Bone marrow toxicity is very common side effect during radio-chemotherapy treatment of pelvic tumors. In this study, six patients with cervical cancer were included. The Bone marrow fat faction of the subjects were evaluated using quantitative fat fraction MR technique before each week’s treatment and at the end of whole five weeks’ therapy. The results indicated that MRI was sensitive to marrow composition changes and can evaluate the real time bone marrow toxicity during radio-chemotherapy. This could potentially benefit patient with a more optimized treatment plan.
Introduction
Pelvic malignancy is a common malignant tumor, and has a tendency to young people. Concurrent chemo-radiation therapy is often the standard treatment for pelvic malignancies(1). But the side effect which decrease red marrow while increase fatty yellow marrow, results a higher proton density fat fraction(2) (PDFF). This change can reduce hematopoietic capacity and may contribute to bone mineral loss and increased fracture risk in cancer patients(3,4). The purpose of this study is to assess the possibility of real time bone marrow toxicity evaluation during radiotherapy and chemotherapy using MRI based spatial resolved fat fraction technique.This on-going study was approved by the Ethics Committee, and informed consents were obtained from all participants. 6 female subjects (mean age 49 years; age ranging 39 – 60 years) were enrolled in this study. All of the subjects were diagnosed to have cervical squamous cell carcinoma (FIGO IIB-IIIB). Pelvic irradiation dose of subjects was 50 Gy / 25 times, five times a week, Chemotherapy regimen was cisplatin single-agent 40 mg/m²/ week.

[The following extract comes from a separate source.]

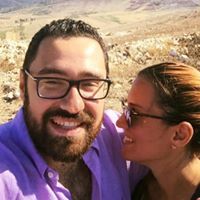 Ahmad Nasser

MR scans were performed on a 3.0T MR system (MR750, GE Healthcare, USA) before each week’s treatment and at the end of whole five weeks’ therapy. Commercially available scanning sequence IDEAL-IQ (iterative decomposition of water and fat with echo asymmetry and least-squares estimation quantitation sequence) was used to generate quantitative fat fraction. Detailed scan parameters are as follow: 38cm×38cm field of view, 5mm slice thickness, flip angle 3, matrix 160×160, TR 6.7ms, number of shot 2, 3 TEs per shot, receiving bandwidth 83.3KHz, number of averaging 2. Sequence was scanned in axial sagittal and coronal plane consecutively. ROIs were manually placed on L4 and S1 vertebral body and subcutaneous adipose on the fat fraction images by an experienced radiologist. Final fat fraction was calculated by averaging of the value from 3 planes (Figure 1 a~c).